A role for other hormones?
Increasing evidence suggests that other hormones primarily developed for the treatment of type 2 diabetes many, in fact, hold benefit for those with type 1 diabetes. As such, future treatments may include glucagon-like peptide-1 (GLP-1), agonists, sodium glucose like transport (SGLT) inhibitors, leptin, amylin and/or glucagon – either alone or delivered as part of a closed loop system.

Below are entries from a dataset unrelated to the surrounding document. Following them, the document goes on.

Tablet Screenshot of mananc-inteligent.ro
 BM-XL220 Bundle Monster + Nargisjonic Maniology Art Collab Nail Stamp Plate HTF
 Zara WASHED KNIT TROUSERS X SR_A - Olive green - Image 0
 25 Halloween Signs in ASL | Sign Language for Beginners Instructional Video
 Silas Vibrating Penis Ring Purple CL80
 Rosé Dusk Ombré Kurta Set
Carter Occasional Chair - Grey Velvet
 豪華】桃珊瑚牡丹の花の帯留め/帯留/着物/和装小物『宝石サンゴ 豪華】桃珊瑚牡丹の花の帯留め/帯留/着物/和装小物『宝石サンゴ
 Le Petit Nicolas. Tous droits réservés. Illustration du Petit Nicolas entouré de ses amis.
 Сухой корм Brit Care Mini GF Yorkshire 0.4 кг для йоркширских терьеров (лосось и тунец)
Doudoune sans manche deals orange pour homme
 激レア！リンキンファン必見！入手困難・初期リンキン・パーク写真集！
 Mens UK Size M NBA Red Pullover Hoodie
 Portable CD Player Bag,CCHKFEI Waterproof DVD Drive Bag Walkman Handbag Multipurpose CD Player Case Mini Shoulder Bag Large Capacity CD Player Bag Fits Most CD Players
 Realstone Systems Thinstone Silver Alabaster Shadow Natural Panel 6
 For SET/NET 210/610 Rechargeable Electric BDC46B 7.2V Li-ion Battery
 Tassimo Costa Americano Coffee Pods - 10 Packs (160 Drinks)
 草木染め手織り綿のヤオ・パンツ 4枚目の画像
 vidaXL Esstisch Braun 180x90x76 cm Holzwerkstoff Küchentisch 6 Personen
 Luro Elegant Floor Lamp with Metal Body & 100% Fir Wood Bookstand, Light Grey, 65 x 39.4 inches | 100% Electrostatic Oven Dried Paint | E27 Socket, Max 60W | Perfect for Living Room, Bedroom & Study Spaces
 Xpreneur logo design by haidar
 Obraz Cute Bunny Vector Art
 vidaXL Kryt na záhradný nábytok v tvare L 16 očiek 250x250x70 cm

Of these, glucagon, given its ability to release hepatic glucose, could be used as a means to counteract the effects of insulin. Taken together, this could lead to a more 'physiological-like' control of glucose regulation. However, for this to occur, new formulations must be developed as existing pharmacological preparations exist in powered form, rendering them unsuitable for pump application. To this end, formulations meeting this need (e.g. Eli Lilly/Roche, Biodel) are under development.
Not to be outdone, amylin, a hormone that suppresses glucagon, is also being tested in pump-based systems for its ability to improve post-meal glucose levels. An analogue of amylin, under the name Symylin, is currently underdevelopment by Amylin Pharmaceuticals. Amylin Pharmaceuticals is also overseeing the clinical development of a leptin equivalent, Metreleptin, for its ability to regulate blood glucose levels and insulin demands.
^ Heller S et al. Insulin degludec, an ultra-longacting basal insulin, versus insulin glargine in basal-bolus treatment with mealtime insulin aspart in type 1 diabetes (BEGIN Basal-Bolus Type 1): a phase 3, randomised, open-label, treat-to-target non-inferiority trial. Lancet. 2012 Apr 21;379(9825):1489-97.